In the mid-1970s, the Homebrew Computer Club was just an irregular gathering of tinkerers, hobbyists and enthusiasts who met to talk shop and swap tips about how to build and work with computing hardware. These gatherings gave birth to the personal computer and two of Apple’s co-founders–Steve Jobs and Steve Wozniak–were members in good standing. Jobs and Wozniak sparked a home computing revolution with the Apple II but another member created an altogether different sort of seismic shift in the electronics world.
Jerry Lawson’s name didn’t wind up becoming as renowned as Jobs or Wozniak’s but his accomplishments helped pave the way for video games to become a cultural force at home and in arcades. Lawson worked at Fairchild, where he led the team that created the first cartridge-based video game console. The Fairchild Channel F preceded the more famous Atari 2600, proving the viability of the nascent technology. Lawson also created “Demolition Derby,” an early coin-operated stand-up arcade machine, in his garage and later installed it into a pizzeria shortly after the debut of “Pong” turned the country on to the new form of entertainment.

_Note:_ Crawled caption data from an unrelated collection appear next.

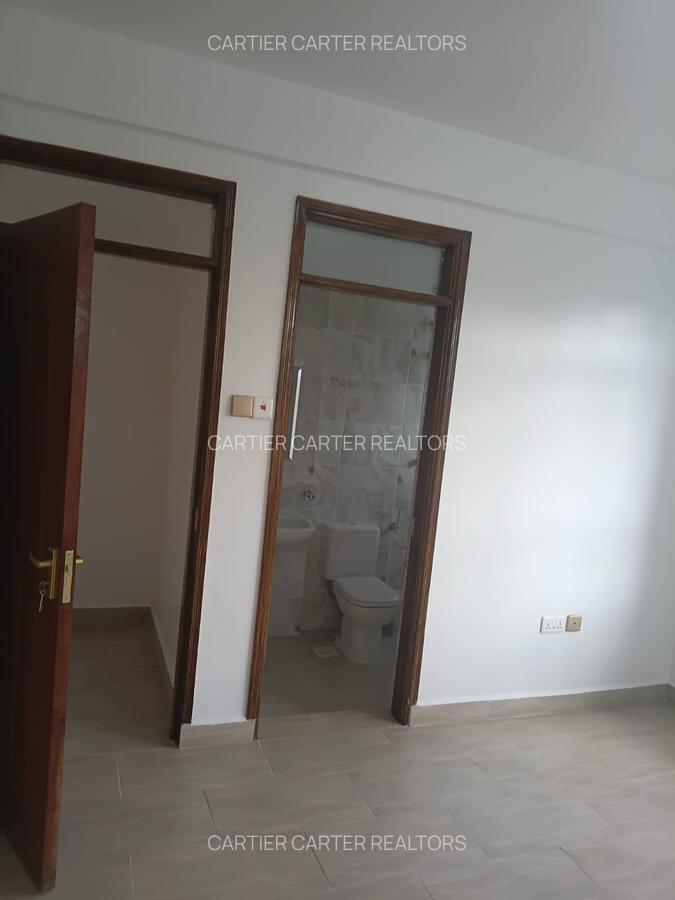 Furnished 2 Bed Apartment with En Suite in Garden Estate - 20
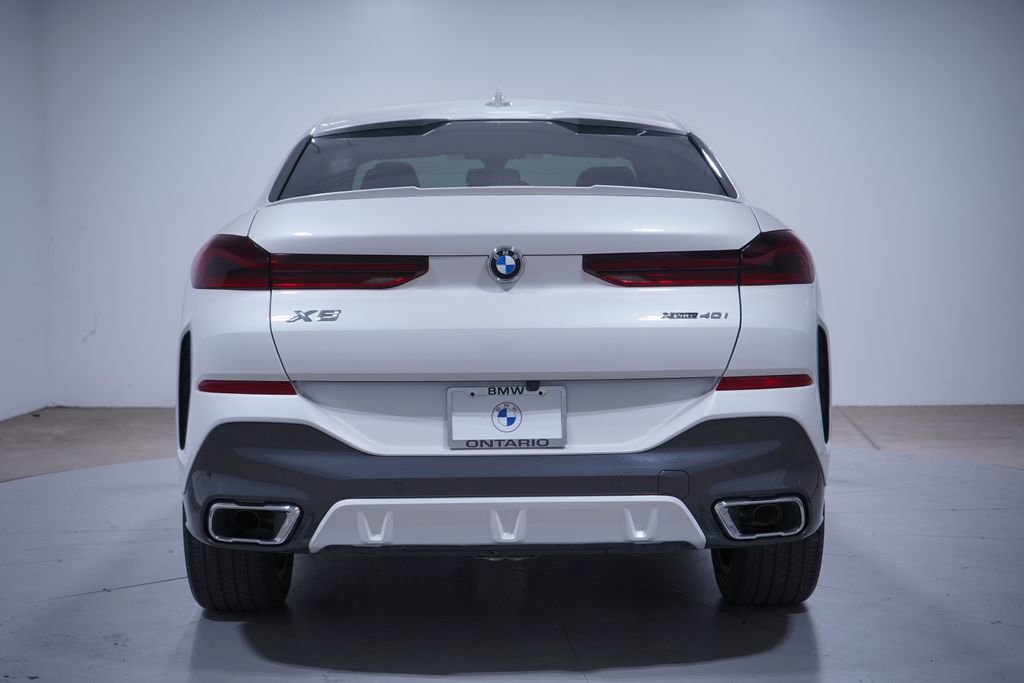 Used 2022 BMW X6 xDrive40i w/ M Sport Package image 5
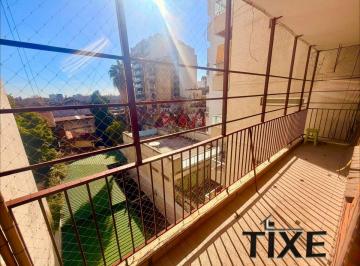Departamento de 3 ambientes, Caballito · Caballito. 2 Dorm. C/ Dep. Balcón C/frente Vistas. 2 Baños. Com. Diario. Cochera.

Video games make billions of dollars now but, in the industry’s earliest days, it took the nerve and ingenuity of a brave few to craft the machines and software by hand. Lawson’s pioneering profile wasn’t just as an engineer but also as a Black man in a field where he had no predecessors to provide entry. Things may have moved on to discs and downloads now but none of the medium we currently enjoy would be possible. Lawson was honored just this year by the Minority Special Interest Group of the International Game Developers Association for his accomplishments. He was 70 years old.